Mais il charge Bismarck et les souverains de Prusse, les accusant d’avoir fait chavirer l’Allemagne dans les douves du burg féodal, dans le servage médiéval. Le mois précédent, l’Empire allemand honorait Bismarck à l’occasion du centenaire de sa naissance (1er avril 1815) et la presse française attaquait l’œuvre de ce personnage présenté alors comme responsable de tous les malheurs du pays. Mais Bergerat charge encore plus Guillaume II, enragé de naissance et rabique, inculquant la rage à tous ses peuples en courant sur terre et sur mer (allusion à la Weltpolitik).
« Quand ils eurent tous le venin dans les veines et l’écume à la bouche, il les précipita sur nous, vos aïeux, et nous dûmes nous défendre contre la meute hurlante et empoisonnée.

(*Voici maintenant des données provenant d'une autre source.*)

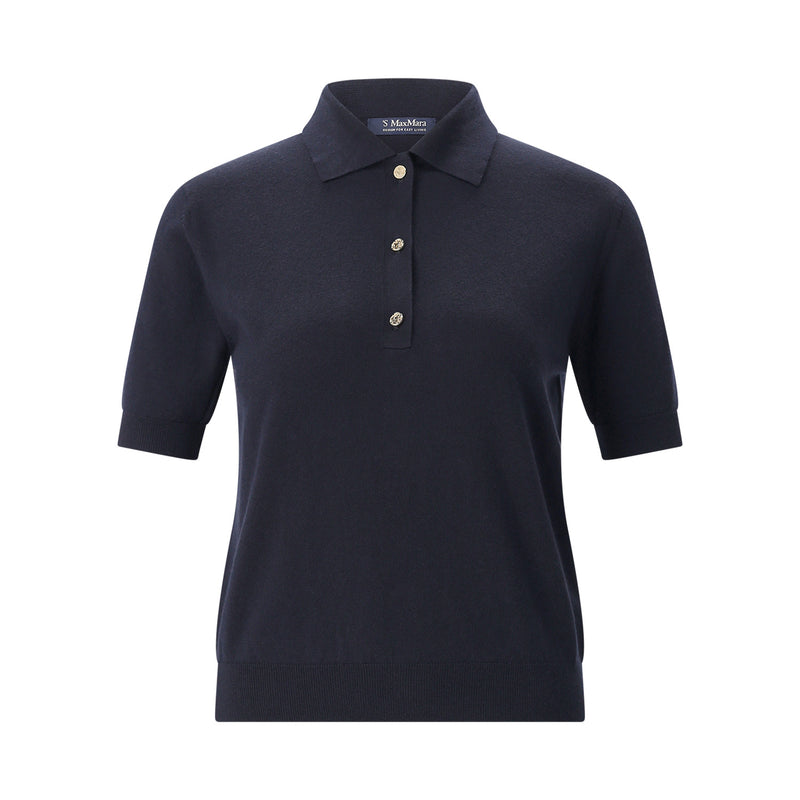 Polo Pomposa mit Seide & Kaschmir XL / Navy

Nous en tuâmes beaucoup, énormément même, et à l’heure où j’écris, nous en tuons encore, aidés
de nos voisins, menacés eux aussi de la morsure dite pangermanique. »
Bergerat ne termine pas sur l’hécatombe de 1914-1915, il prête à un écolier une réflexion de bon sens : pourquoi le peuple allemand a-t-il laissé agir et même soutenu son empereur ? Pourquoi ne l’a-t-il pas évincé ?
Et Bergerat d’imaginer l’Europe de 2015 totalement républicaine pour dire au gamin qu’il ne peut pas comprendre combien les Rois et Empereurs qui apparaissent aux élèves de 2015 « antédiluviens et paléontologiques » avaient encore de prestige, de pouvoir de droit divin et d’autorité acceptée. Et le peuple aurait poussé, en 1915, la sujétion jusqu’au martyre.
En concluant sur une boutade d’élève, Bergerat met de l’humour dans sa démonstration : il aurait manqué aux Allemands une Charlotte Corday…
Répétons-le, voilà un essai d’imagination dont la lecture, cent ans après, jour pour jour, est réjouissante.
En se livrant à un saut de cent ans en arrière, il est plaisant de rencontrer quelqu’un qui faisait la démarche inverse en se projetant cent ans en avant.